EXERCISE:
Restate verbatim the span of lines below between the line with "Original Magnetic Headband For DJI Osmo Nano" and the line with "King Room with Two King Beds", including those two lines, and only that span.

PROVIDED DATA:
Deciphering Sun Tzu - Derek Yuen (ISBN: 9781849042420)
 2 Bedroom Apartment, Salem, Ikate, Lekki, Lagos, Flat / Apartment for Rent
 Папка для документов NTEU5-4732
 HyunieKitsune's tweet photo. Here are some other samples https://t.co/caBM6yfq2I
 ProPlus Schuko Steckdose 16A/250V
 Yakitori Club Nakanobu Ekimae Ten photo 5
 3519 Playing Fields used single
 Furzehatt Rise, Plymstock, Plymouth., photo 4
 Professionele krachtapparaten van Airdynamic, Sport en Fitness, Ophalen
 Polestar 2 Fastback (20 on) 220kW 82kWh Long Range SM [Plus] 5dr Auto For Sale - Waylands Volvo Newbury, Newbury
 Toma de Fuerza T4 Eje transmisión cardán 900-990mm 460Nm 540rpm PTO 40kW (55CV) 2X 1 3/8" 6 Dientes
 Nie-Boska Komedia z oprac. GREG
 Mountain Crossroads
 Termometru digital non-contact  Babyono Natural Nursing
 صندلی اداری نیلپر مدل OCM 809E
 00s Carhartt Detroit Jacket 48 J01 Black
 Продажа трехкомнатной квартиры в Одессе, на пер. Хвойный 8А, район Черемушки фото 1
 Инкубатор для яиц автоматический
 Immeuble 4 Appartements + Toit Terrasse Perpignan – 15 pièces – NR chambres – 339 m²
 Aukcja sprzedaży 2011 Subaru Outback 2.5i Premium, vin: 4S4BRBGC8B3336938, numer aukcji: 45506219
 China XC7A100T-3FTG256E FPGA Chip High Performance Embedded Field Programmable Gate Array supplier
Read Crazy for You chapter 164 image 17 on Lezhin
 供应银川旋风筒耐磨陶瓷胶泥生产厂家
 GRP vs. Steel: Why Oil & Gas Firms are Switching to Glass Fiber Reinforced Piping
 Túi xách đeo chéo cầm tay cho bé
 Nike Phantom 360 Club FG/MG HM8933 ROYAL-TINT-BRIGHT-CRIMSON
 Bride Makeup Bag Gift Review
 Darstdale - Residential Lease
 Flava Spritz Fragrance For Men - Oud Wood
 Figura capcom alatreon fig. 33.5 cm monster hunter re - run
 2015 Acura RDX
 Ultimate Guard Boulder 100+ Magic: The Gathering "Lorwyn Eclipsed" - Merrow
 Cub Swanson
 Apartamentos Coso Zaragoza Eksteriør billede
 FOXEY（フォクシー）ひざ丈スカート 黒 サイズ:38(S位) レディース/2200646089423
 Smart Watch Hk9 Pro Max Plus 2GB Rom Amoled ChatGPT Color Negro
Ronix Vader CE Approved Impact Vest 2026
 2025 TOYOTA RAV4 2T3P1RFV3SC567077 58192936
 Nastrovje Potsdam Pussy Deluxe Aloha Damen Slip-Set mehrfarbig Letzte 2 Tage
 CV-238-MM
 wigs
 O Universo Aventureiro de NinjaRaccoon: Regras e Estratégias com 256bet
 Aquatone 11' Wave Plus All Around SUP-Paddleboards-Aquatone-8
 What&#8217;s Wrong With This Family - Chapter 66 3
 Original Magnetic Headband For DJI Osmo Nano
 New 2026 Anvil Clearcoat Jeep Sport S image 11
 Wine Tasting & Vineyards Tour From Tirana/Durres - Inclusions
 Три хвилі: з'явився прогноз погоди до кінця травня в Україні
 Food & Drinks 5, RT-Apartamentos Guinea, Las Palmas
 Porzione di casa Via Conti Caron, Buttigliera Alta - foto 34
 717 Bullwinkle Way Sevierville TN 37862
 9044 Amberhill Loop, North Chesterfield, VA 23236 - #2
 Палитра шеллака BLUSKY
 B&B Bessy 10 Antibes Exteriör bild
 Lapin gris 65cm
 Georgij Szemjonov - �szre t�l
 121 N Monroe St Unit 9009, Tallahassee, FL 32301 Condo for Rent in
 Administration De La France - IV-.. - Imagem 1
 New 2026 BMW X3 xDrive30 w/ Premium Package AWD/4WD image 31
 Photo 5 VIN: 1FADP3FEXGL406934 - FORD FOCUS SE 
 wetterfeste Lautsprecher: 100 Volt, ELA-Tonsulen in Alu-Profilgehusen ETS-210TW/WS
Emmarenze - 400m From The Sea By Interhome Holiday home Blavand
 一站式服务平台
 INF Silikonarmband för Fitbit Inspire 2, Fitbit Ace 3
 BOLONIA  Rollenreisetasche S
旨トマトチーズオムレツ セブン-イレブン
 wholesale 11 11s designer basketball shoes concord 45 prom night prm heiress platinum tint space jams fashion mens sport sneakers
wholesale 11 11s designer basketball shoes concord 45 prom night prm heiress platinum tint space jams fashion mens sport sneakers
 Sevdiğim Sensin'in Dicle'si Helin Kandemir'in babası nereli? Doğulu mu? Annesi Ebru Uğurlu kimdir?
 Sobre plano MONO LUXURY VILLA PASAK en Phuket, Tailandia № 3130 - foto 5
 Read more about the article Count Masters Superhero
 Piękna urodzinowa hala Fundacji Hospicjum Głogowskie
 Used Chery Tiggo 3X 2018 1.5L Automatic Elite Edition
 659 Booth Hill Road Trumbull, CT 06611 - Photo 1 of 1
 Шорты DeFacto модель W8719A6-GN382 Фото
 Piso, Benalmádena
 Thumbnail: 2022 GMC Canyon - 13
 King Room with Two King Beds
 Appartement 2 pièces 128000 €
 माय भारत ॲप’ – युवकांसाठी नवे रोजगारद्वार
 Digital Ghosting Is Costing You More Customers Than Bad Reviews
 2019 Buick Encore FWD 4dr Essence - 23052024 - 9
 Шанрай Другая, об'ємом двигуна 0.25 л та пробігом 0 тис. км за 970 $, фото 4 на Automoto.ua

EXERCISE RESPONSE:
 Original Magnetic Headband For DJI Osmo Nano
 New 2026 Anvil Clearcoat Jeep Sport S image 11
 Wine Tasting & Vineyards Tour From Tirana/Durres - Inclusions
 Три хвилі: з'явився прогноз погоди до кінця травня в Україні
 Food & Drinks 5, RT-Apartamentos Guinea, Las Palmas
 Porzione di casa Via Conti Caron, Buttigliera Alta - foto 34
 717 Bullwinkle Way Sevierville TN 37862
 9044 Amberhill Loop, North Chesterfield, VA 23236 - #2
 Палитра шеллака BLUSKY
 B&B Bessy 10 Antibes Exteriör bild
 Lapin gris 65cm
 Georgij Szemjonov - �szre t�l
 121 N Monroe St Unit 9009, Tallahassee, FL 32301 Condo for Rent in
 Administration De La France - IV-.. - Imagem 1
 New 2026 BMW X3 xDrive30 w/ Premium Package AWD/4WD image 31
 Photo 5 VIN: 1FADP3FEXGL406934 - FORD FOCUS SE 
 wetterfeste Lautsprecher: 100 Volt, ELA-Tonsulen in Alu-Profilgehusen ETS-210TW/WS
Emmarenze - 400m From The Sea By Interhome Holiday home Blavand
 一站式服务平台
 INF Silikonarmband för Fitbit Inspire 2, Fitbit Ace 3
 BOLONIA  Rollenreisetasche S
旨トマトチーズオムレツ セブン-イレブン
 wholesale 11 11s designer basketball shoes concord 45 prom night prm heiress platinum tint space jams fashion mens sport sneakers
wholesale 11 11s designer basketball shoes concord 45 prom night prm heiress platinum tint space jams fashion mens sport sneakers
 Sevdiğim Sensin'in Dicle'si Helin Kandemir'in babası nereli? Doğulu mu? Annesi Ebru Uğurlu kimdir?
 Sobre plano MONO LUXURY VILLA PASAK en Phuket, Tailandia № 3130 - foto 5
 Read more about the article Count Masters Superhero
 Piękna urodzinowa hala Fundacji Hospicjum Głogowskie
 Used Chery Tiggo 3X 2018 1.5L Automatic Elite Edition
 659 Booth Hill Road Trumbull, CT 06611 - Photo 1 of 1
 Шорты DeFacto модель W8719A6-GN382 Фото
 Piso, Benalmádena
 Thumbnail: 2022 GMC Canyon - 13
 King Room with Two King Beds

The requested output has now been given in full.